Good question. The problem is that we're not a mythical agrarian society, where you could have enough kids to take care of you without depending on people outside your clan. So, if you're a libertarian, and you want to be able to be a hedge-fund manager and depend on the low-level 47% losers to actually make things (and clean your house, and detail your car, etc.), you have to hope that somehow those people are educated minimally, and are given sufficiently advanced technology to work with, so that your accumulated IRA's and Social Security benefits will actually buy you something that keeps you alive and happy. Even if you want to be "free and independent," you still have to live in an economy where goods are produced that you can live on.

David Ricardo said...

I hope everyone saw Bob Skidelsky's response in the WaPo. Here is a sample.

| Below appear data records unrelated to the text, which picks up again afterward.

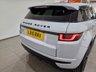 USED 2015 15 LAND ROVER RANGE ROVER EVOQUE 2.2 SD4 Dynamic Lux Yulong White SUV 5dr Diesel Auto 4WD Euro 5 (s/s) (190 ps) 
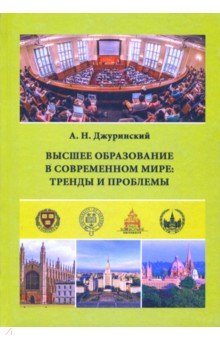 Высшее образов.в совр.мире: тренды и пробл. (тв.)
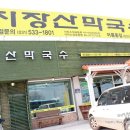 지장산막국수 어룡동점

"So Ferguson was quite right to say that Keynes discounted the future — but it was not because of homosexuality, it was because of uncertainty. Keynes would have rejected the claim of today’s austerity champions that short-term pain, in the form of budget cuts, is the price we need to pay for long-term economic growth. The pain is real, he would say, while the benefit is conjecture.

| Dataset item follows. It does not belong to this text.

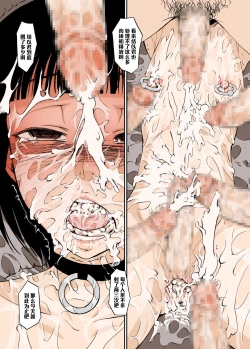 Page 21 of Boku no Ohirome-kai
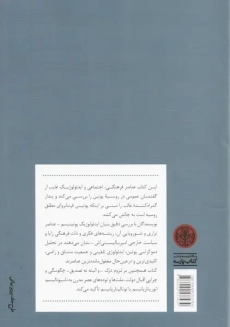 کتاب دموکراسی پوتین - 1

The principle of not sacrificing the present for the future can be seen in Keynes’s intolerance of persistent mass unemployment — sacrificing the current generation of workers to secure long-term improvements in the labor market. It emerges in his rejection of “debt bondage” — the imposition of crushing long-term obligations on borrowers, undermining their prosperity. “The absolutists of contract,” he wrote, “are the real parents of revolution.”

So Mr. Ferguson is not only 'doubly stupid' (his words), bigoted (everyone else's words) but also just plain wrong.

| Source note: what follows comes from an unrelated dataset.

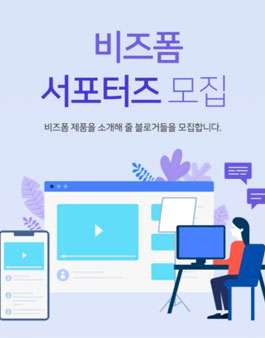 비즈폼 서포터즈 모집.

Harvard can now boast of Reinhart and Rogoff, Marty Feldstein, Ted Cruz and now Niall Ferguson. Kind of makes everyone wonder what the great fuss about Harvard is all about.

Shag from Brookline said...

I read Skidelsky's essay in the WaPo this morning and was also impressed by DPE's excerpts, especially"

“The absolutists of contract are the real parents of revolution.”

Query as to the view of pre-13th Amendment libertarians on the "liberty of contract"? Of course we had the Lochner "Error" libertarians' take on "liberty of contract" that apparently constantly needs rehabilitating so that conservatives can claim credit for progressivism. Perhaps this suggests why today's libertarians are, for the most part, anti-Keynesian.

And speaking of libertarians, the current acclaim of "The Great Gatsby" with the new flick (see cOlbert's Book Club of last night) suggests to me the possibility that the "The Great Gatsby" was a pre-emptive parody of Ayn Rand's "Atlas Shrugged" that serves to inspire today's political libertarians even though "Atlas Shrugged" is more libertine than libertarian.

Regarding DPE's:

"Kind of makes everyone wonder what the great fuss about Harvard is all about."

a river (the Charles) runs through it ; fortunately, none of the cast of noted Harvardites can walk on water, and get wet when they try.

Shag from Brookline said...

Niall Ferguson is described as a "celebrity historian" in thisyear-ago Guardian article:

http://www.guardian.co.uk/commentisfree/2012/may/27/death-celebrity-historians-exaggerated

Neil H. Buchanan said...

Good comments all around. I, too, had been thinking about the tough time Harvard's been having lately. Don't forget to add Alesina (of ill-fated "contractionary austerity" fame) to the list. Or, for that matter, the continuing comedy from Mankiw, Barro, and all the other would-be McCain/Romney cabinet members.

David Ricardo said...

And now we have Jason Richwine and a dissertation at Harvard that proclaims an anti-Hispanic immigration policy because their IQ is so low.

How does a dissertation like that ever get accepted?

Harvard wants to know, is this ever going to stop?

Shag from Brookline said...

With the changing demographics, Jason Richwine whines his "Hispanic panic." His dissertation has been dissed by several conservatives, forcing him to leave the Heritage Flounderation. Careful, conservative, DeMint on the pillow may be hard to digest.